The U.S. Food and Drug Administration (FDA) has approved Zejula (niraparib) as a first-line maintenance therapy for women with advanced ovarian cancer who responded to platinum-based chemotherapy, regardless of their BRCA mutation status.
This indication also includes patients with advanced fallopian tube or primary peritoneal cancer.
The decision comes two months after FDA’s acceptance of a supplemental New Drug Application (sNDA), which was reviewed under the Real-Time Oncology Review (RTOR) pilot program, designed to speed the review process. According to the FDA, the application was approved two months before the agency’s goal date for a decision.
Zejula is now approved in the U.S. in three treatment regimens for women with advanced ovarian cancer, regardless of BRCA mutations. The previous two are as a maintenance therapy for recurrent ovarian cancer that responded to platinum-based chemotherapy, and as a late-line therapy for tumors positive for homologous recombination deficiency (HRD). That is, tumors with mutations in certain genes involved in DNA repair, including BRCA genes, or with genomic instability — a high frequency of mutations within the genome.
Because such tumors are more dependent on other DNA repair mechanisms involving the PARP enzyme — a DNA damage sensor — they are more likely to respond to treatments blocking PARP activity (PARP inhibitors), such as Zejula.
“Women with advanced ovarian cancer have a five-year survival rate of less than 50%. This expanded indication means that many more women with this devastating disease can receive earlier treatment with Zejula, which can extend the time it takes for their cancer to progress,” Hal Barron, MD, GSK’s chief scientific officer and president of research & development, said in a press release.
The FDA’s decision was based on the positive data from the PRIMA Phase 3 trial (PRIMA/ENGOTOV26/GOG-3012; NCT02655016). Results showed that Zejula was superior to placebo in halting cancer progression in women with newly diagnosed advanced cancer of the ovary, peritoneum, or fallopian tube, regardless of BRCA mutations.
PRIMA, conducted in 20 countries, included 733 women who responded at least partly to first-line platinum-based chemotherapy and were at high risk for relapse.
About half of the women (51%) had HRD-positive tumors. This was assessed with Myriad‘s myChoice test, which is under FDA review as the test of choice to identify chemo-responsive patients likely to benefit from Zejula as maintenance therapy.
Participants were randomly assigned, within 12 weeks of completing the last chemotherapy cycle, to either 300 mg of Zejula (487 women) or a placebo (246 women) once daily for 36 months (three years) or until disease progression.
The starting dose of Zejula was later individualized, so that women weighing less than 77 kg (about 170 lbs) or had a platelet count below 150K/microL would be treated at 200 mg, instead of 300 mg.
Data showed that Zejula-treated patients, regardless of HRD status, had a 38% lower risk of disease progression or death, compared with those on a placebo. Notably, this survival benefit was even greater in women with HRD-positive tumors (including those with BRCA mutations), who showed a 57% reduction in the risk of disease progression or death.

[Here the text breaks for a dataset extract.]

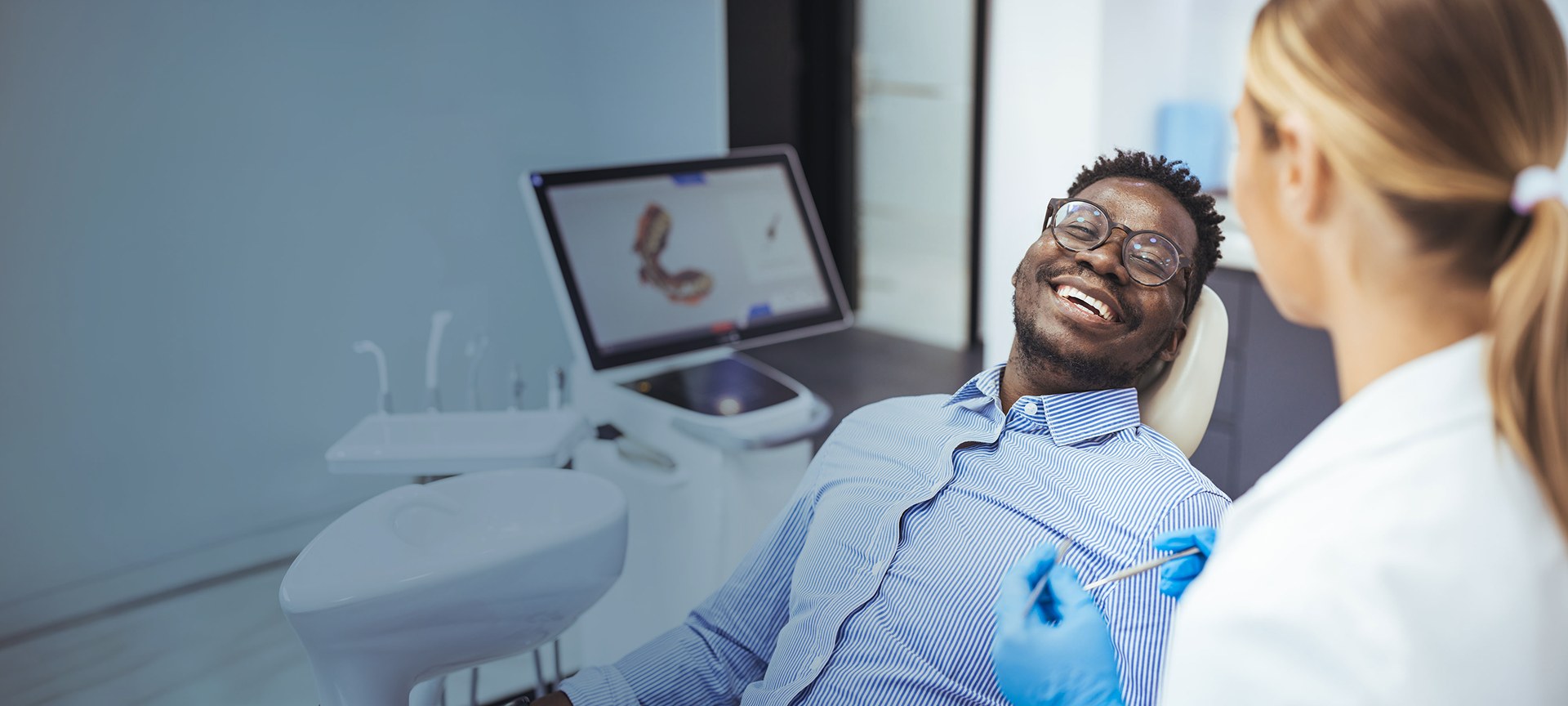 Man talking to dentist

The 24-month overall survival of women with HRD-positive tumors also favored Zejula (91% of women) over placebo (85%), representing a nearly 40% reduction in the risk of death at two years.

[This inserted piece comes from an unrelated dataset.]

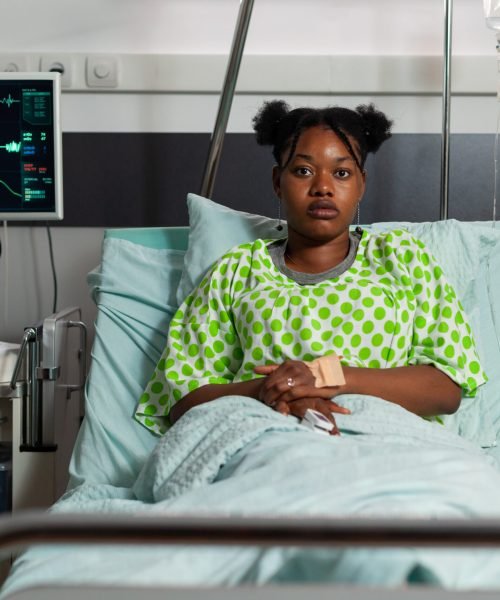 Portrait of young patient lying in bed during clinical examination recovering after medical surgery in hospital ward. Sick woman looking into camera waiting for healthcare treatment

Zejula’s safety profile was consistent with that seen in previous clinical trials, and no treatment-related deaths were reported.

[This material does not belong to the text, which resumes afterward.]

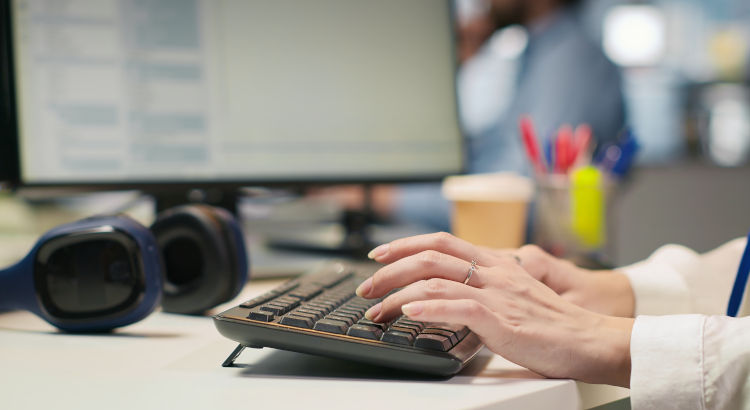 Mujer administrativa trabajando con expedientes en el ordenador. | Foto: DC Studio vía freepik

Women treated with the individualized starting dose showed lower rates of treatment-related side effects graded as severe or worse than did the overall patient population. These included low platelet counts (21% compared to 39%), low red blood cell counts (23% compared to 31%), and low levels of neutrophils — a type of white blood cell (15% compared to 21%).
“PRIMA was designed for patients with ovarian cancer who have a high unmet need … This approval is an important step forward in the treatment of ovarian cancer. In my opinion, maintenance treatment with niraparib [Zejula] should be considered an option for appropriate patients who responded to first-line platinum-based chemotherapy versus active surveillance,” said Bradley Monk, MD, a PRIMA investigator at St. Joseph’s Hospital, in Phoenix, Arizona.
Added Audra Moran, president and CEO of the Ovarian Cancer Research Alliance: “PARP inhibitors represent a major advancement in the fight against ovarian cancer, and having a new first-line maintenance option for platinum-responsive advanced ovarian cancer patients — regardless of BRCA mutation status — is especially exciting.”
“We are determined to keep funding research and partnering with scientists who are on the frontline of finding new treatments like this one to help those impacted by this disease,” she said.
Zejula’s prescribing information in the U.S. now includes the individualized starting daily dose of 200 mg or 300 mg for first-line maintenance therapy. The starting dose for recurrent ovarian cancer and late-line treatment indications is 300 mg once-daily.